Date: Mon, 4 Jun 2007 17:44:33 -0400
From: Jeremy Maitin-Shepard <jmaitins@andrew.cmu.edu>
To: Nigel Cunningham <nigel@nigel.suspend2.net>
Cc: vgoyal@in.ibm.com, Jeremy Maitin-Shepard <jbms@cmu.edu>,
       "Rafael J. Wysocki" <rjw@sisk.pl>, linux-kernel@vger.kernel.org,
       Linus Torvalds <torvalds@osdl.org>, Pavel Machek <pavel@ucw.cz>
Subject: Re: A kexec approach to hibernation
Message-ID: <20070604214433.GA2515@andrew.cmu.edu>
References: <878xb3l888.fsf@jbms.ath.cx> <200706012339.06379.rjw@sisk.pl> <87zm3j9usv.fsf@jbms.ath.cx> <200706020114.37245.rjw@sisk.pl> <87odjz9qo9.fsf@jbms.ath.cx> <20070604044041.GB10206@in.ibm.com> <1180934540.1169.31.camel@nigel.suspend2.net>
MIME-Version: 1.0
Content-Type: text/plain; charset=us-ascii
Content-Disposition: inline
In-Reply-To: <1180934540.1169.31.camel@nigel.suspend2.net>
User-Agent: Mutt/1.5.12-2006-07-14
Sender: linux-kernel-owner@vger.kernel.org
Content-Length: 8724
Lines: 167

On Mon, Jun 04, 2007 at 03:22:20PM +1000, Nigel Cunningham wrote:
> Hi.
> 
> I can see that the idea of writing a kernel image from using another
> kernel sounds nice and clean initially, but the more we get into the
> details (yes, I am listening, even though I said nothing before now),
> the more it's sounding like the cure is worse than the disease.

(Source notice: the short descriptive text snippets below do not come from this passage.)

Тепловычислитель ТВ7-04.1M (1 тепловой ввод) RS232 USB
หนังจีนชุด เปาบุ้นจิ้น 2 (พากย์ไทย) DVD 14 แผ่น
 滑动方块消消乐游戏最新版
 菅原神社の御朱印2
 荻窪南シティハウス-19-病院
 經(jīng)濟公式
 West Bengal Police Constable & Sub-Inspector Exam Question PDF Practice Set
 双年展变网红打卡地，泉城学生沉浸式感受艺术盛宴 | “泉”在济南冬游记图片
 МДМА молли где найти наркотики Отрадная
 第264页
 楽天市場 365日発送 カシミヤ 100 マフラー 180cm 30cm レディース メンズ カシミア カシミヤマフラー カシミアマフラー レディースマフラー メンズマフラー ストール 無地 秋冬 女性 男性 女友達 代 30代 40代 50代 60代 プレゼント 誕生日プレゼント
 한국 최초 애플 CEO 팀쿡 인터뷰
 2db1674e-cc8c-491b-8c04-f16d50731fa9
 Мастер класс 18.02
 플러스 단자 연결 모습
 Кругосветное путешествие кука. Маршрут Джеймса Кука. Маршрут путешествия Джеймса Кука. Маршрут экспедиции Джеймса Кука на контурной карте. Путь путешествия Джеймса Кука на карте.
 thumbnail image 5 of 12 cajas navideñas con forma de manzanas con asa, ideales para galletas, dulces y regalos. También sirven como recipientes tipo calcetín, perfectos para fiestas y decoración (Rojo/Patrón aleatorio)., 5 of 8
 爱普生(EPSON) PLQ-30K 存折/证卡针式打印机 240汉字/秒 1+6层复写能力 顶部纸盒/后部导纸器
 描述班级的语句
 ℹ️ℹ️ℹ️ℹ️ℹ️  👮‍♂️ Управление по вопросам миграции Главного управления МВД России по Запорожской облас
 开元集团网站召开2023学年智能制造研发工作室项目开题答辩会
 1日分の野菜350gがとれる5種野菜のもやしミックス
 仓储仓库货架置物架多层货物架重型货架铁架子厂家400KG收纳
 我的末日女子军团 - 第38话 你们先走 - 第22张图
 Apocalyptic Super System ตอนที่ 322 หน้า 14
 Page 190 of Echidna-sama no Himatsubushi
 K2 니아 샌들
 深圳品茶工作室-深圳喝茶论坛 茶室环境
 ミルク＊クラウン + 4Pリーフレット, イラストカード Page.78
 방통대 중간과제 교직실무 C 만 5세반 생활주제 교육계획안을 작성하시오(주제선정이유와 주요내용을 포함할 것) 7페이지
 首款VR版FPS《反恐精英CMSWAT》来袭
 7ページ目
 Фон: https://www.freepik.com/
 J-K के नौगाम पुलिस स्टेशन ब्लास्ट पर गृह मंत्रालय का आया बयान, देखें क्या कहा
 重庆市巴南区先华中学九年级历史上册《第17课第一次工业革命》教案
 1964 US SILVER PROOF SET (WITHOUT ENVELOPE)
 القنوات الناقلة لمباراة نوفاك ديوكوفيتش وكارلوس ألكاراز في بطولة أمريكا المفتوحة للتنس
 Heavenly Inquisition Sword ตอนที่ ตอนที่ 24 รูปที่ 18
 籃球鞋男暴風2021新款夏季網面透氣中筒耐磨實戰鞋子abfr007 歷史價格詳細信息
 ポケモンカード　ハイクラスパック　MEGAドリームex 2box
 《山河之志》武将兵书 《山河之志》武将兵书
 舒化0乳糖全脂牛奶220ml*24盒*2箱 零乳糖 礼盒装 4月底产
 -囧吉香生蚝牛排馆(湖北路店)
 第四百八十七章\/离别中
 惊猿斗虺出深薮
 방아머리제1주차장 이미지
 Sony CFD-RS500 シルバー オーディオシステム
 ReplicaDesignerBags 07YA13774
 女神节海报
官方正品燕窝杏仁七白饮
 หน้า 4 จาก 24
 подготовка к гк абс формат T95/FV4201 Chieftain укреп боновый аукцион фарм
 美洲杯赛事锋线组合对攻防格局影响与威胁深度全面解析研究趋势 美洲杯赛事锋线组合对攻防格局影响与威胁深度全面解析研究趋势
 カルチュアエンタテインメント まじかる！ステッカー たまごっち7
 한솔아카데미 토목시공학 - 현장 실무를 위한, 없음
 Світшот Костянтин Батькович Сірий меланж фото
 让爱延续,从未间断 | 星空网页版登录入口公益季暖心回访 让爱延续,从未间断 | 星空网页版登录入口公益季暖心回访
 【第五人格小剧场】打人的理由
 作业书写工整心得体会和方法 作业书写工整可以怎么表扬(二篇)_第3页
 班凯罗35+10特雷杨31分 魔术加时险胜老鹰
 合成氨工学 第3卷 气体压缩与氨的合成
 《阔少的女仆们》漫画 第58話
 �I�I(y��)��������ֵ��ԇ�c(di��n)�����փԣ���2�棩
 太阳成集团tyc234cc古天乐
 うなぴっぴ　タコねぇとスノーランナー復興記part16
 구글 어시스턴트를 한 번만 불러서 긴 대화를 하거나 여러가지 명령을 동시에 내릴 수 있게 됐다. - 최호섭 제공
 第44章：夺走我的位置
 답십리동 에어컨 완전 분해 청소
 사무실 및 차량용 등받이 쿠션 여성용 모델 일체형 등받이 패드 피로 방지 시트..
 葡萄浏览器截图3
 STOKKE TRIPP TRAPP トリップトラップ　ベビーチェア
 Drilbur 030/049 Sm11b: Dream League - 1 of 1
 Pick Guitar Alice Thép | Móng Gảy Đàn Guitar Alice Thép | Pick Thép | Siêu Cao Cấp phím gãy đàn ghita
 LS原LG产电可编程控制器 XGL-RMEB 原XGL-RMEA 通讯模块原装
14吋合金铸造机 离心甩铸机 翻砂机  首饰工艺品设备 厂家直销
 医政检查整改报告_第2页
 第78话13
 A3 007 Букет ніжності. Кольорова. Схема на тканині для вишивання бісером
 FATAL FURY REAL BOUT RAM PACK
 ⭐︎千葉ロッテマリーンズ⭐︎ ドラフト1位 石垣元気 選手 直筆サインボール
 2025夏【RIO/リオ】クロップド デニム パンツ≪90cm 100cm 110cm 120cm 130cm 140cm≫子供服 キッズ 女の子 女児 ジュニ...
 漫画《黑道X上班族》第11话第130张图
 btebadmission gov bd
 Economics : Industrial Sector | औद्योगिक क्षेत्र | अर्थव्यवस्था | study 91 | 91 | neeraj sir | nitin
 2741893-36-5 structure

I think if we look into the details a bit more, we may find that it is in
fact not worse after all.  It would be nice if it were also the case that this 
approach could be implemented in only a few hours of work, but unfortunately I 
doubt that to be the case even though I imagine it may be somewhat simpler to 
implement than the current swsusp and suspend2 implementations.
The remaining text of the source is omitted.